Combined CO2 Capture & Methanation

Current multistage CCU technologies using renewable electricity to yield fuels suffer from low energy efficiency and require large capital expenditures. To increase the efficiency of the whole process and reduce its cost, a possible innovative solution is represented by the combined capture and hydrogenation of CO2. The idea is to trap CO2 from a CO2-containing stream (e.g. combustion flue gases) using a dual functioning material (DFM) composed of a highly dispersed supported adsorbent which provides at the same time the CO2 storage function and methanation active element to produce CH4 upon reaction with renewable H2 [1-2]. This process is operated cyclically by alternating phases where the DFM is exposed to the flue gas and CO2 is selectively adsorbed, and phases where H2 is fed and the stored CO2 is hydrogenated to methane [2]. Notably, by eliminating a thermal swing process, the conversion of CO2 to SNG using DFMs constrains the energy input to only renewable sources (in the form of H2), thus allowing the CO2 capture and utilization processes to approach carbon neutrality while integrating more renewable energy into the grid [2]. In a highly innovative scheme aimed at the process intensification, the DFM represents a CO2 carrier that is continuously circulated from a sorption reactor to a methanation reactor and vice versa [3]. Dual interconnected fluidized bed technology appears perfectly suited to perform the chemical looping CO2 Capture and Methanation process since it allows the recirculation of DFM particles between two reactors and ensures their efficient and independent temperature control.
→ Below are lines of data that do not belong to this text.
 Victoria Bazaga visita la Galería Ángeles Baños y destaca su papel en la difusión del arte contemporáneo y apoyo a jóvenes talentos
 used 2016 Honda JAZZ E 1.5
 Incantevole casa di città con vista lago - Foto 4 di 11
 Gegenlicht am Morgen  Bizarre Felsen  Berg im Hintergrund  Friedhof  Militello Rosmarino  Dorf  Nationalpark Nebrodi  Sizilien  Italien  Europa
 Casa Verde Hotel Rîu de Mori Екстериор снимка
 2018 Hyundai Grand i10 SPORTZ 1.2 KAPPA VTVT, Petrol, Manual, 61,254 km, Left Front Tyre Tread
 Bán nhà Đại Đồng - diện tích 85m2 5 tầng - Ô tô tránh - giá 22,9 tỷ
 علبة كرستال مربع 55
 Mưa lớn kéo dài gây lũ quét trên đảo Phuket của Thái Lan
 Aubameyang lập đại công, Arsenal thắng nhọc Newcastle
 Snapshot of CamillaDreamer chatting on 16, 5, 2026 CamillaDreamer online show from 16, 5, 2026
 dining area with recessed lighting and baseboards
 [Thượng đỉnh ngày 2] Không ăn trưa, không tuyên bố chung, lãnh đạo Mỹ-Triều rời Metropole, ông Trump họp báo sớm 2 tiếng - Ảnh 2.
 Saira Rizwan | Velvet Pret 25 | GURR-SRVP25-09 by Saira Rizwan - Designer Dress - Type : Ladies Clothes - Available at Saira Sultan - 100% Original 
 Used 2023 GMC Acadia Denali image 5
Therefore, we set out to experimentally investigate the key features capable to boost the overall performance of DFMs based on Ru and alkali metal (oxides) supported on high surface area aluminas with suitable mechanical and attrition resistance to be used in interconnected fluidized bed reactors. The general scope is to produce synthetic methane via an innovative, renewable energy driven, catalytic looping process, demonstrating effectiveness and reduction of greenhouse gas emissions while also addressing economic, regulatory, environmental and (critical) raw material constraints, as well as socio-economic impact related to the proposed technological pathway.